European Union joins FTC investigation into Apple's opposition of Flash

Posted:
in iPhone edited January 2014
Regulators from the European Union have reportedly joined the U.S. Federal Trade Commission in investigating Apple and its practice of blocking Adobe Flash from iOS devices, including the iPhone and iPad.



On Tuesday, the New York Post cited a source in reporting that European Commission has joined the FTC in an alleged ongoing investigation into Apple's anti-Flash stance. The report claims that the FTC began its investigation in June, and the European Commission recently joined the probe "into whether Apple's business practices harm competition."



The sources said the investigation could last another four to six months, though both the European Commission and FTC declined to comment, or officially acknowledged the ongoing investigation.



Last week, indications of the FTC's investigation surfaced when the commission denied a Freedom of Information Act request for documents related to a complaint filed by Adobe against Apple. The FTC said that the release of the information would impede its "law enforcement" duties.



The FTC will never publicly confirm its investigations, except when it decides to sue or reaches a settlement with a company. But the commission's decision not to release 189 pages related to Adobe's complaint against Apple strongly suggest that such an investigation is ongoing.

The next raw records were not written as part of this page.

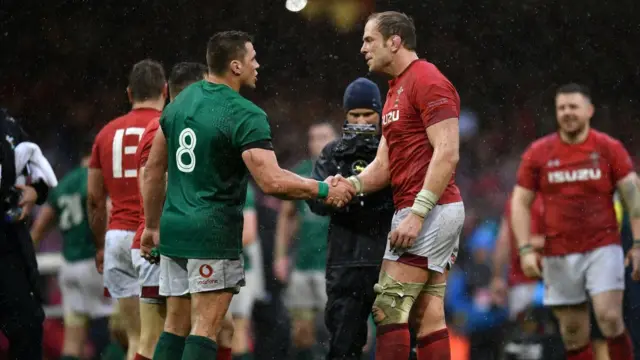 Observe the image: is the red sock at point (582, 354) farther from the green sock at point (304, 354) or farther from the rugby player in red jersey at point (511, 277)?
the green sock at point (304, 354)

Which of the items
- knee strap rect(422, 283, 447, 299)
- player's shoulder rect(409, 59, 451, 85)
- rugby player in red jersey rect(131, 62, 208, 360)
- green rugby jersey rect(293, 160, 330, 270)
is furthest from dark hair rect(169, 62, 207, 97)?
green rugby jersey rect(293, 160, 330, 270)

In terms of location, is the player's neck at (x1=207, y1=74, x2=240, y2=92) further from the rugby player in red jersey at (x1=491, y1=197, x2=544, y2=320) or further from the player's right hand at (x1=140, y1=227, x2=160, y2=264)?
the rugby player in red jersey at (x1=491, y1=197, x2=544, y2=320)

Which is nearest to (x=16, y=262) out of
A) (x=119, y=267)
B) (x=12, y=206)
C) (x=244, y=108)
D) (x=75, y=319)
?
(x=12, y=206)

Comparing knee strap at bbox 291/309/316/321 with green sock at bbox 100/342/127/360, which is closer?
green sock at bbox 100/342/127/360

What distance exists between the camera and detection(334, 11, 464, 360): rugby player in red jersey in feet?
17.3

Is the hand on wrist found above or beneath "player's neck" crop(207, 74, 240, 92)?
beneath

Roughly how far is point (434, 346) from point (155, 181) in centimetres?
149

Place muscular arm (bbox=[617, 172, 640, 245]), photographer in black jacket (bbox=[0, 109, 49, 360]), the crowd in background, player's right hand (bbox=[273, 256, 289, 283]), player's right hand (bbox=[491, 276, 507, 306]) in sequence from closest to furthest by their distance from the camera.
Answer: photographer in black jacket (bbox=[0, 109, 49, 360]), muscular arm (bbox=[617, 172, 640, 245]), player's right hand (bbox=[491, 276, 507, 306]), player's right hand (bbox=[273, 256, 289, 283]), the crowd in background

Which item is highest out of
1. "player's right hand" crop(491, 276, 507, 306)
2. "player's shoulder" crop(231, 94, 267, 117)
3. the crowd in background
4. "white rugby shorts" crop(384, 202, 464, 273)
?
the crowd in background

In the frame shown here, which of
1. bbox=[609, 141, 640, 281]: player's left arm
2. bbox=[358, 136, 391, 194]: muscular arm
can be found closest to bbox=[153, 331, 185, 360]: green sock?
bbox=[358, 136, 391, 194]: muscular arm

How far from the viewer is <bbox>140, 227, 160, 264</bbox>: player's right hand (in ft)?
18.2

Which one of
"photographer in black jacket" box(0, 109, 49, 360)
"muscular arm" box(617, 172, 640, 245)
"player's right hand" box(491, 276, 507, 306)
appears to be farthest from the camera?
"player's right hand" box(491, 276, 507, 306)

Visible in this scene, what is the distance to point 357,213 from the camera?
6219mm

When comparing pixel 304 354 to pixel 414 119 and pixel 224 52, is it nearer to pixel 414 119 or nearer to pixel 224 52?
pixel 414 119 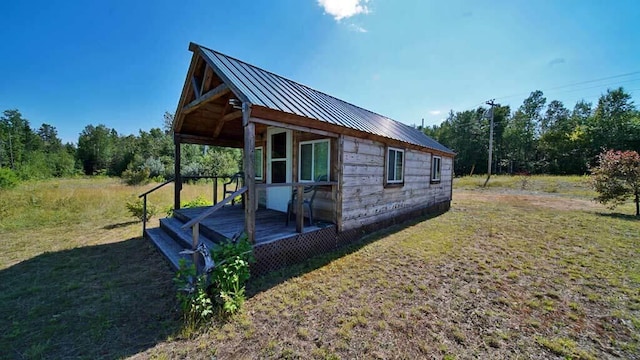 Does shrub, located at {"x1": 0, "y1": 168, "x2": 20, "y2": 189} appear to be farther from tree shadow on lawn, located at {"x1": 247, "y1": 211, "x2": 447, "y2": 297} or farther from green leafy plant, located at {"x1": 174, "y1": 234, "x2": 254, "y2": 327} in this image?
tree shadow on lawn, located at {"x1": 247, "y1": 211, "x2": 447, "y2": 297}

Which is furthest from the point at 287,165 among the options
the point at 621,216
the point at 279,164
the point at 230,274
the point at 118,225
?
the point at 621,216

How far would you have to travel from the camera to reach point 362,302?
290 cm

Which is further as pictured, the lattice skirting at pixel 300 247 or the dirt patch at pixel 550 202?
the dirt patch at pixel 550 202

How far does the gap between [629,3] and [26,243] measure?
56.8 ft

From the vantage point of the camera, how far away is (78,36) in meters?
8.21

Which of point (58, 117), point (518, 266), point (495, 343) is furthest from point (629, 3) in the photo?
point (58, 117)

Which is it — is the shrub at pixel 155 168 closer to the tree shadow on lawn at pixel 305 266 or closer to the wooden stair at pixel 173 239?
the wooden stair at pixel 173 239

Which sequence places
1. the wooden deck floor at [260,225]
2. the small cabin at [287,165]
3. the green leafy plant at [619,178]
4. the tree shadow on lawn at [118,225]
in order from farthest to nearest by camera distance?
the green leafy plant at [619,178] → the tree shadow on lawn at [118,225] → the wooden deck floor at [260,225] → the small cabin at [287,165]

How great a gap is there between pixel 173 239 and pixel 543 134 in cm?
4439

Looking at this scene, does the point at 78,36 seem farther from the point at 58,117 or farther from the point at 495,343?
the point at 58,117

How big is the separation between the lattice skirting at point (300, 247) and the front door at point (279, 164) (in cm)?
181

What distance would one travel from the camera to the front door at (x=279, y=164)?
590 centimetres

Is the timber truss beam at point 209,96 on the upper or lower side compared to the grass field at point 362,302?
upper

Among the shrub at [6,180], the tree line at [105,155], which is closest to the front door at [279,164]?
the shrub at [6,180] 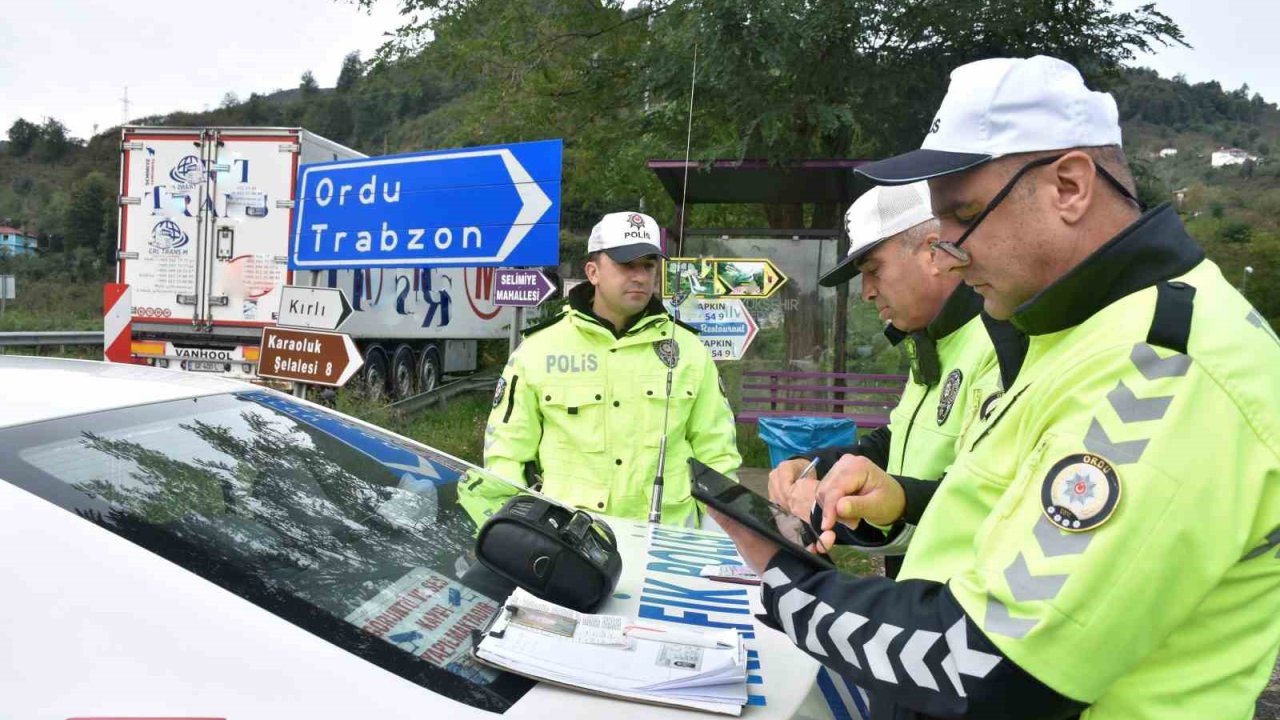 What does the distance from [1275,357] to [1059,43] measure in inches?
366

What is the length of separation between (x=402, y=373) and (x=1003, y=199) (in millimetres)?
13210

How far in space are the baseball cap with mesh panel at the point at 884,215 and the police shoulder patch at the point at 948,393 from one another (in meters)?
0.38

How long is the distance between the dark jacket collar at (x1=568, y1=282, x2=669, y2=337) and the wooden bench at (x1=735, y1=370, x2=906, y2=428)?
6005mm

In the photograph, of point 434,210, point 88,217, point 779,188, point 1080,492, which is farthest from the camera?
point 88,217

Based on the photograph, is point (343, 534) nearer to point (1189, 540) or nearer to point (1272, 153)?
point (1189, 540)

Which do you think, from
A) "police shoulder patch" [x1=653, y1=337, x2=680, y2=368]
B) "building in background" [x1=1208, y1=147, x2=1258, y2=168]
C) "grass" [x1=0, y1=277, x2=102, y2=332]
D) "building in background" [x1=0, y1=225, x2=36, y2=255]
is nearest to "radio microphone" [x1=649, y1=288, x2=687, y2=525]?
"police shoulder patch" [x1=653, y1=337, x2=680, y2=368]

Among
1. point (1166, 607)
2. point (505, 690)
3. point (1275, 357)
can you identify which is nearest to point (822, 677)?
point (505, 690)

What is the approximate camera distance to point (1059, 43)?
9.14 metres

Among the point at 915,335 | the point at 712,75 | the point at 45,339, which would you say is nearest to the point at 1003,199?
the point at 915,335

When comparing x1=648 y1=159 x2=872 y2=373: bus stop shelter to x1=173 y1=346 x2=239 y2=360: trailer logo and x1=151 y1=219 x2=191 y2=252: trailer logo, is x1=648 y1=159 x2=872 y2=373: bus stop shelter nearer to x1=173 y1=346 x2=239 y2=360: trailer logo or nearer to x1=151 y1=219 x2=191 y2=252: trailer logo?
x1=173 y1=346 x2=239 y2=360: trailer logo

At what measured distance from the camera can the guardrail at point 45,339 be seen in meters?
15.0

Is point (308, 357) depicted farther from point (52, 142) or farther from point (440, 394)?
point (52, 142)

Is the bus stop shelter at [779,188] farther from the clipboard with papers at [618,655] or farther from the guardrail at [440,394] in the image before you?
the clipboard with papers at [618,655]

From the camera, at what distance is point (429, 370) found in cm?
1501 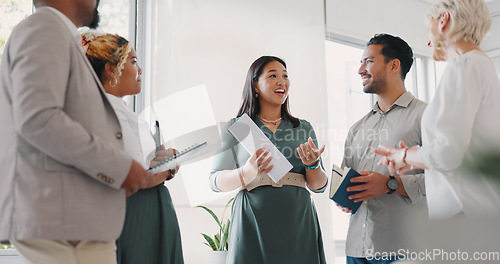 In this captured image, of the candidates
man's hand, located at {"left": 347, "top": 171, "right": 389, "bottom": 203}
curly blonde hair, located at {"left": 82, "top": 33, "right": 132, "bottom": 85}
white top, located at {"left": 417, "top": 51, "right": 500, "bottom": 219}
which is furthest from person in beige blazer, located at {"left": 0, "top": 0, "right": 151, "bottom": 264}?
man's hand, located at {"left": 347, "top": 171, "right": 389, "bottom": 203}

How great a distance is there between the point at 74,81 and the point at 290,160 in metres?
1.28

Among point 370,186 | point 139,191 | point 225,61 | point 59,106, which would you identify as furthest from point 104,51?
point 225,61

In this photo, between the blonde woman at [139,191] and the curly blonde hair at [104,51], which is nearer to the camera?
the blonde woman at [139,191]

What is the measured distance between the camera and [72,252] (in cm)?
112

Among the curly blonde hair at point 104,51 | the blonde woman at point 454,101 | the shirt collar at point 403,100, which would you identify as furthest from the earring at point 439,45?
the curly blonde hair at point 104,51

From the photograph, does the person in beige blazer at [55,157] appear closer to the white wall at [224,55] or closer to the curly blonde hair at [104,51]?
the curly blonde hair at [104,51]

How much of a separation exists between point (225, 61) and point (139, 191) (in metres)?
1.67

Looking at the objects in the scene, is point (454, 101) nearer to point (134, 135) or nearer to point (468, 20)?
point (468, 20)

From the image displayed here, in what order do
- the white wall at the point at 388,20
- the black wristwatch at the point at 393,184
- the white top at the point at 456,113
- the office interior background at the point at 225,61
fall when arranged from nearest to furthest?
the white top at the point at 456,113 < the white wall at the point at 388,20 < the black wristwatch at the point at 393,184 < the office interior background at the point at 225,61

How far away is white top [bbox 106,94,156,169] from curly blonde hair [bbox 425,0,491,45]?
118cm

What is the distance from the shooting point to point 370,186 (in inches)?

If true, the information from the Post's source would not only confirm the investigation, but also indicate that it is expanding overseas. The report noted that the EU recently adopted a new "Digital Agenda," which encourages interoperability of services between devices.



Adobe filed its complaint with the FTC after Apple announced it would not allow iOS applications ported from other languages or development environments, such as Flash. Adobe had created an application that would allow developers to port software written to Flash to the iPhone circumventing Apple's ban of Adobe Flash from iOS devices, including the iPhone and iPad.



But Apple changed its developer agreement, banning applications written in non-native languages and ported to the iPhone. That prompted Adobe to abandon development of its Flash-to-iPhone porting software, and file a complaint with the FTC.



Apple's stance on Flash for mobile devices was made clear in an open letter from Chief Executive Steve Jobs, published in late April. Jobs slammed Adobe Flash as a Web tool that is unfit for the modern, mobile era of computing. He also said that an intermediary tool for converting Flash applications to the iPhone would produce "sub-standard apps," and would hinder the progress of the platform.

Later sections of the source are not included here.